2.2. Log-normal simulations

To estimate the error bars of the 2PACF and the statistical significance of our results, we used the covariance matrix built from full-sky log-normal simulations that we produced with the FLASK code¹ (Xavier et al. 2016; de Carvalho et al. 2020). We generated a set of 1000 simulations for which we assume the Lambda cold dark matter (ΛCDM) cosmological parameters measured by the Planck Collaboration VI (2020), including all effects available such as lensing, redshift space distortions (RSD), and nonlinear clustering to compute with the code CAMBsources² (Challinor & Lewis 2011) the fiducial angular power spectrum C_ℓ that was used as input.

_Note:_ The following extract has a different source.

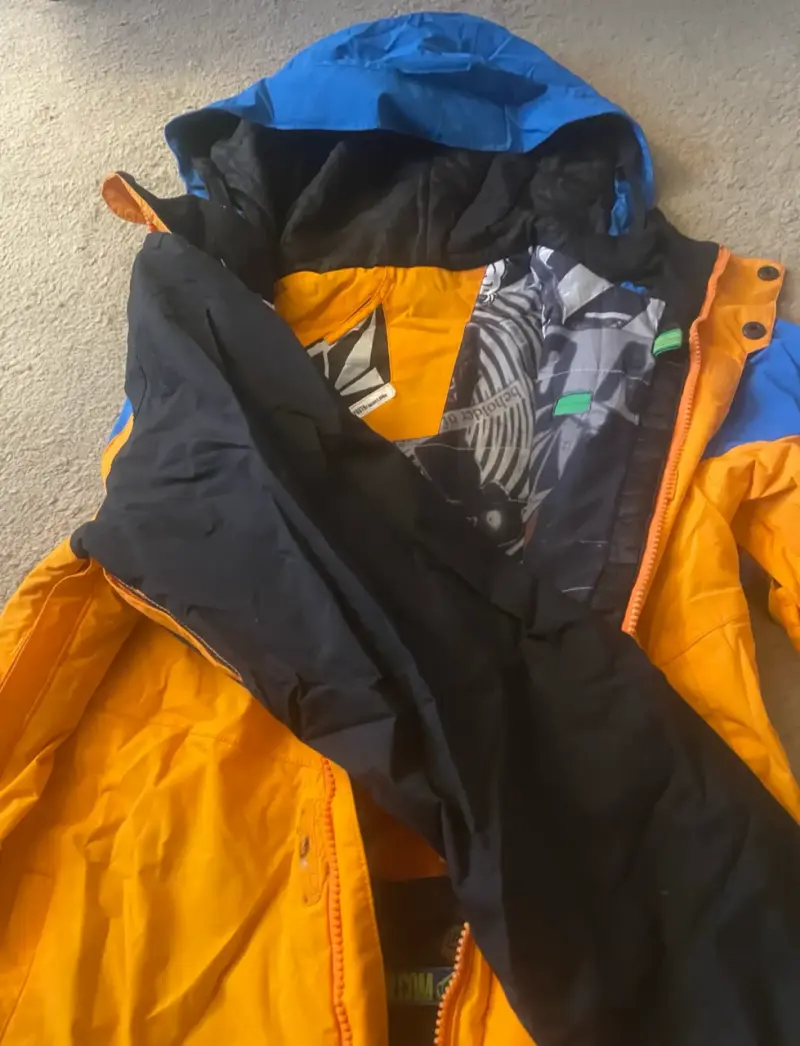 Chaqueta Volcom impermeable multicolor - 2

This set of simulations was designed to be used in the angular analyses where we assumed a top-hat redshift bin (0.105 ≤ z ≤ 0.115) with a surface number density of 2.3 galaxies per deg² (the same as in SDSS data). These simulated data share the observational features of the data set in the analyses, that is, the same number density and footprint sky area, and they were also weighted by the FKP scheme. The number of simulated cosmic objects in each catalog is N_sim ≃ 16 000. For this set of simulated maps, we adopted an angular resolution of 0.11 deg², given by the HEALPix³ (Górski et al. 2005) parameter N_side = 512.

3. Two-point correlation estimator

We performed a 2D BAO measurement at low redshift with the SDSS blue galaxy sample. This measurement complements similar 2D analyses performed following the same method applied to other cosmological tracers, such as LRG and quasars, at several redshifts (Carvalho et al. 2016, 2020; Alcaniz et al. 2017; de Carvalho et al. 2018). The 2D BAO studies were performed by applying the 2PACF to the thin redshift bin 0.105 ≤ z ≤ 0.115. Additionally, supported by a large set of log-normal simulations, we describe how the covariance matrix was used in the error analyses, including statistical and systematic contributions.

3.1. Two-point angular correlation function

In the 2D analysis, the 2PACF (Peebles & Yu 1970; Landy & Szalay 1993) estimates the angular correlation for data pairs projected on the celestial sphere (for alternative clustering analyses, see, e.g., Avila et al. 2018, 2019; Bengaly et al. 2017; Feldbrugge et al. 2019; Novaes et al. 2016, 2018; Marques & Bernui 2020; Marques et al. 2020; Pandey & Sarkar 2020; Sosa Nuñez & Niz 2020). Considering blue galaxies in a redshift shell, the 2PACF measures the angular diameter distance D_A due to the transverse BAO signal of the sound horizon scale there, where this signature appears as a bump at certain angular scale. The expression for the 2PACF estimator, ω(θ), is given by

$$\begin{array}{c}\hfill \omega (\theta )\equiv \frac{DD(\theta )-2DR(\theta )+RR(\theta )}{RR(\theta )},\end{array}$$(2)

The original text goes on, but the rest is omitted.